**Work to complete:**
Output exactly the lines between the one holding "Engagement Ring Insurance" and the last line of the data below, both of those lines included.

--- Supplied data Enclosed Below ---

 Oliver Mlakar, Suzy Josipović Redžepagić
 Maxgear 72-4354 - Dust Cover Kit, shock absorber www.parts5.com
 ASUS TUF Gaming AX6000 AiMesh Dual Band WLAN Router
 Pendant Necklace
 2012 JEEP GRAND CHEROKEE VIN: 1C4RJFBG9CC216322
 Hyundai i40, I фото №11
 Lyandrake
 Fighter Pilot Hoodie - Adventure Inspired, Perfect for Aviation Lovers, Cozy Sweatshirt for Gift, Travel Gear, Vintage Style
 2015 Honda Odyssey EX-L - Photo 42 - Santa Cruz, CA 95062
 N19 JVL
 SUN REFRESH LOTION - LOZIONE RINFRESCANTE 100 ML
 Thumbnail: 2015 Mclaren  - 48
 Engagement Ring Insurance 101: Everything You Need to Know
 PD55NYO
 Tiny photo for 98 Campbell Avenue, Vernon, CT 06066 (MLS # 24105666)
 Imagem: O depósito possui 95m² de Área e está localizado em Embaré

--- End of Enclosed Supplied data ---

**Result of this task:**
 Engagement Ring Insurance 101: Everything You Need to Know
 PD55NYO
 Tiny photo for 98 Campbell Avenue, Vernon, CT 06066 (MLS # 24105666)
 Imagem: O depósito possui 95m² de Área e está localizado em Embaré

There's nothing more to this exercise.